You guys, we have to be determined. Don't let the devil get you to eat that thing that you aren't hungry for or don't need! :devil: We'll always give ourselves treats to keep us sane...but I want to learn to feed my body what it needs...veggies, vitamins...etc. I chugged my 20oz bottle of water after I showered and headed home. My body needed that. I felt bad that I wasn't giving my body what it needs. I haven't been. Just a bunch of junk. I deserve better.

SO...I am SO determined to make my October goal of 225. Do you know that just earlier today I was thinking, "oh well, I'm not gonna make that one". How could I let myself think that? I'm GOING to do it.
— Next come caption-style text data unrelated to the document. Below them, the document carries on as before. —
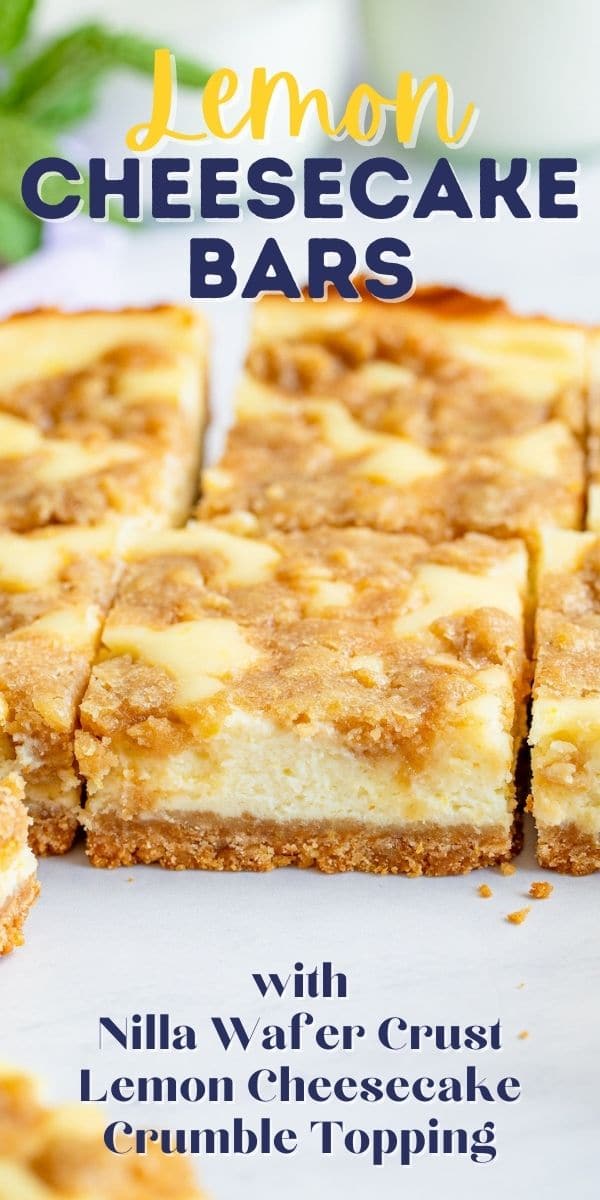 Lemon cheesecake bars on counter cut into squares with recipe title on top of image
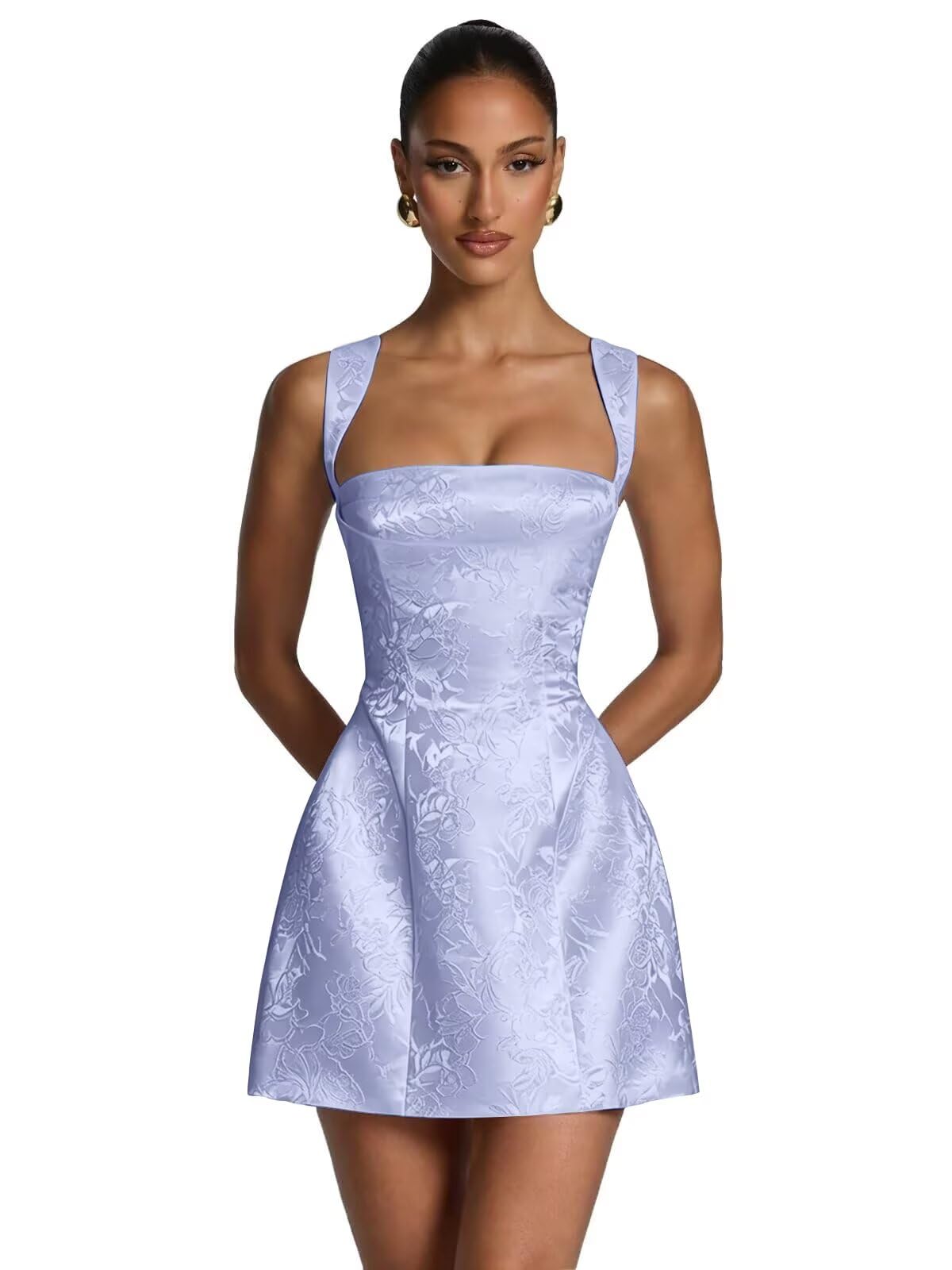 Kingbridal Jacquard Satin Homecoming Dresses for Teens 2026 A-Line Short Prom Cocktail Dress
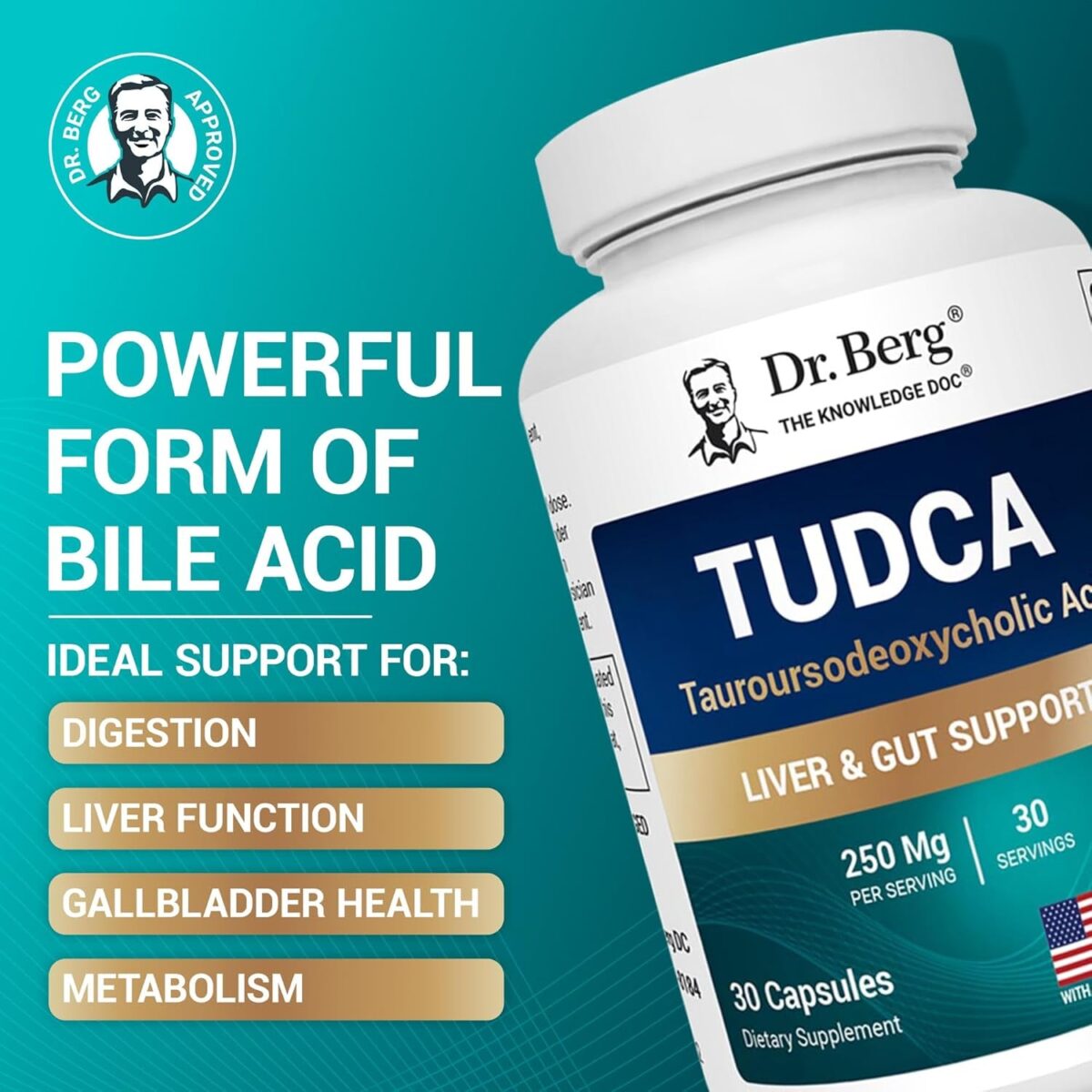 Dr. Berg TUDCA Supplement (Tauroursodeoxycholic Acid) - Powerful Formula for Liver Health, Bile Flow, Gallbladder Support, and Digestive Health* - 30 Capsules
I also want to set a goal for January 1, 2005. Anyone want to join me? I think 199 by then is a bit steep. I want to stay more realistic and say 210 by January 1st. That is just 7.5 pounds a month for Nov and Dec. And yes, through the worst holidays ever. I told my husband...we're making some major changes in the kitchen. This has got to stop. Although we're short on money, I'm going to cut out a lot of meat and make more salads chock full of veggies like carrots, sugar snap peas, radish, tomatoes, bean sprouts. I could eat a giant fresh salad for dinner every night and feel satisfied and still save tons of calories. I'm going to stock up on chicken breast when it's on sale and boil and cube it for use in the salads. I'm going to get a wide variety of low calorie salad dressings. Maybe I can make Sundays the days that I boil the chicken and shred or cube it for use in salads all week.

The reason why I'm setting a Jan 1 goal is because I get so depressed during that time in the past few years...because I have been weighing more and more each year. I don't want to make my resolution on January 1st...I want to be LIVING my resolution of weight loss. I'll start working out, then taper off after a couple of months....and gain. It's a pattern. NO MORE!

WATCH OUT SUMMER 2005!!!!!

Whew...long post....I'm just so psyched I had to share. Please, I hope you all join me in a New Year's goal! We can totally do this. All of you are so darn great. Thanks for listening!!!!!